Let’s see, we have Annie from Australia, Manav and Upma from the US, Angel and Triscia from South Africa, Graham and John from Canada, Elvira and Denise from the Netherlands, the Sungai family from Zimbabwe, Kamal and Dreety from Mauritius, and many more.
First stop are the pyramids. Even after a lifetime of seeing these in films and photos, to see them in real life is overwhelming.
It’s kind of hard to give an idea how enormous they are. As we discover, for the ancient Egyptians, bigger is always better. But even with these mountains of house-sized stone blocks to protect them, grave robbers managed to plunder the mummies out of them.
“What are the hopes of man? Old Egypt’s King
Cheops erected the first pyramid
And largest, thinking it was just the thing
To keep his memory whole, and mummy hid;
But somebody or other rummaging,
Burglariously broke his coffin’s lid:
Let not a monument give you or me hopes,
Since not a pinch of dust remains of Cheops.” – Lord Byron, from Don Juan: Canto 1, stanza 219
They certainly make a great background for photos, though.
The same day, we visit the step pyramid of Djoser in nearby Saqqara.
This one pre-dates the Giza pyramids.
Some other senior civil servants are entombed nearby. Besides the great step pyramid, we explore a couple of these.
We fly from Cairo to Aswan. The next day, we embark for a short boat ride to the Temple of Philae.
Our guide, Ash, fills us in on the historic details.
One feature of every country we’ve been to so so far on this trip: there’s always someone around making bread.
At the Nubian Museum in Aswan, this woman and her family were very insistent that I take a selfie with them.
From Aswan, we awake for a long bus journey to Abu Simbel.
In case you don’t know, these were cut out from their original location in the 60s and relocated to avoid being submerged under the rising waters of the Lake Nasser reservoir.
I remember learning about this in elementary school and being fascinated at the time.
I can scratch one item off my childhood bucket list.
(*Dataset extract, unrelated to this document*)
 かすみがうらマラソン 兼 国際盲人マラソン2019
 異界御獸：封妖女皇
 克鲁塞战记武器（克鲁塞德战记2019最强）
Because of this, an on-site museum features lots of mummified crocs. Some are wrapped like submarine sandwiches.
And some are not. They get the same treatment as human mummies, that is, their interior organs are removed and the cavity filled with preservative substances.
For three nights, we cruise down the Nile on the MS Nile Jewel.
We see a woman on a deck chair is reading Death on the Nile. (As it turns out, we spend Christmas Eve watching the 2022 film version.)
Sight or Insight of the Day
Because of the crappy internet in Egypt, we are a bit behind in these entries. We are, in fact, in the Sinai beach resort of Dahab celebrating the holidays, after spending five days in Cairo.
Merry Christmas, everyone! Looking forward to new adventures in 2023.